Asset based loans also require some ongoing management. Your company may need to fill out regular borrowing certificates, in which assets and liabilities are stated in detail. This certificate determines the availability of funds. Your company also needs to keep its accounting up to date and be able to provide financial reports regularly. Lastly, lines that are backed by inventory must have an effective inventory management and accounting system. Lines that include inventory financing also need to go through field exams once or twice a year to ensure compliance.
Perhaps the biggest challenge of this solution is that most Canadian asset based lenders need to keep reserves for some priority payables. These reserves limit some of the funds’ availability because they are subtracted from availability in the borrowing certificate. Reserves are usually kept for:
Asset based loans are a great solution for growing companies that cannot get a conventional line of credit. However, due to their limitations, ABLs are not for everyone. Companies can often get increased availability by financing each asset independently and by using a factoring structure to finance invoices.
a) Confidential factoring for receivables
Accounts receivable can be financed using factoring financing. A factoring line can finance up to 80% (this amount varies) of your accounts receivables as long as they are payable by creditworthy customers. However, factoring is not a loan but, rather, a sale of the receivables. This small difference allows factoring companies to increase funding if necessary without having to hold any payable reserves.
Some factoring lines require that your clients be notified.
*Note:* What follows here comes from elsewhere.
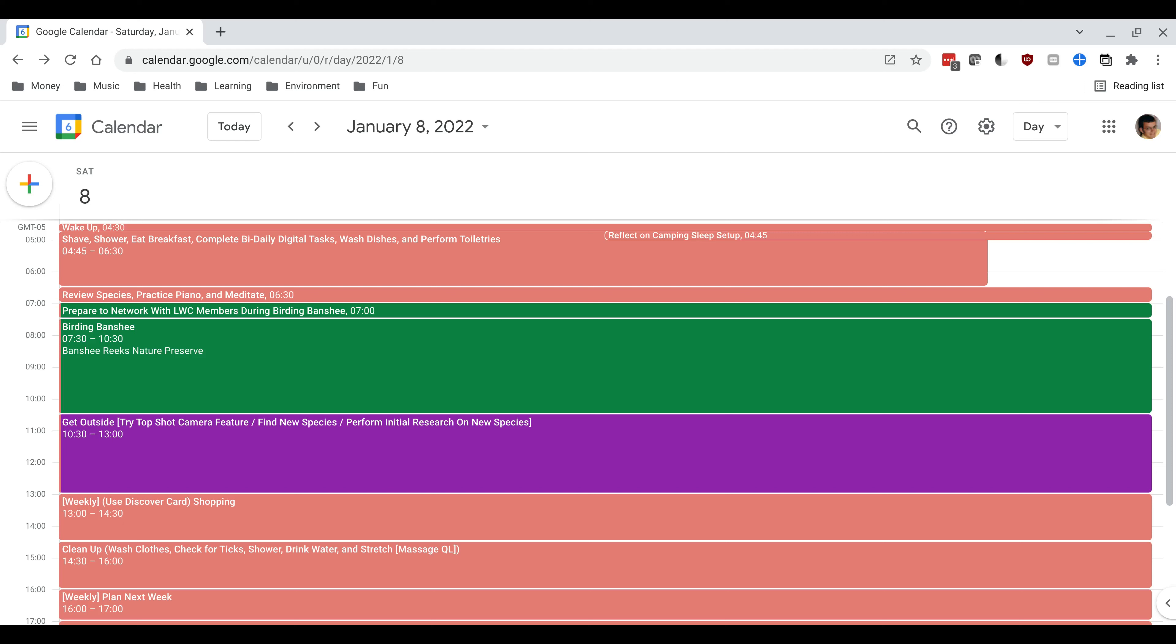Hello again YouTube. Today I will be talking about the importance of planning ahead as it pertains to creating a schedule.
However, factoring companies can offer confidential factoring lines which require minimal – if any – customer interaction.
b) Inventory financing
An inventory financing line can often be provided as an add-on to a factoring line. This solution enables you to finance your inventory, which increases your liquidity. Transactions are settled once the inventory is sold off as finished product. Inventory is usually funded at a percentage of its net orderly liquidation value. Note that this value is usually lower than market value. Inventory financing is usually more expensive than other types of financing due to risk and complexity.
c) Equipment financing
Lastly, if your company can finance any remaining equity, it can be financed through an equipment line. This solution can provide additional funds availability. Equipment financing transactions are usually structured as term loans.
Which product is right for you?
Before moving forward with an asset based loan, business owners must carefully consider their business strategy and match it to their financial objective. The most common objectives are:
- Highest funds availability
- Lowest cost
- Most flexibility
If you are looking for the absolute lowest cost outside of a line of credit, consider an asset based financing program. However, this cost advantage comes with slightly lower available funds and less flexibility than the alternatives.
On the other hand, if you are looking for the highest funds availability, try combining a confidential factoring facility with an inventory line and an equipment line. These solutions, however, have a higher cost.
Ultimately, you must weigh the benefits and make the right strategic choice for your business.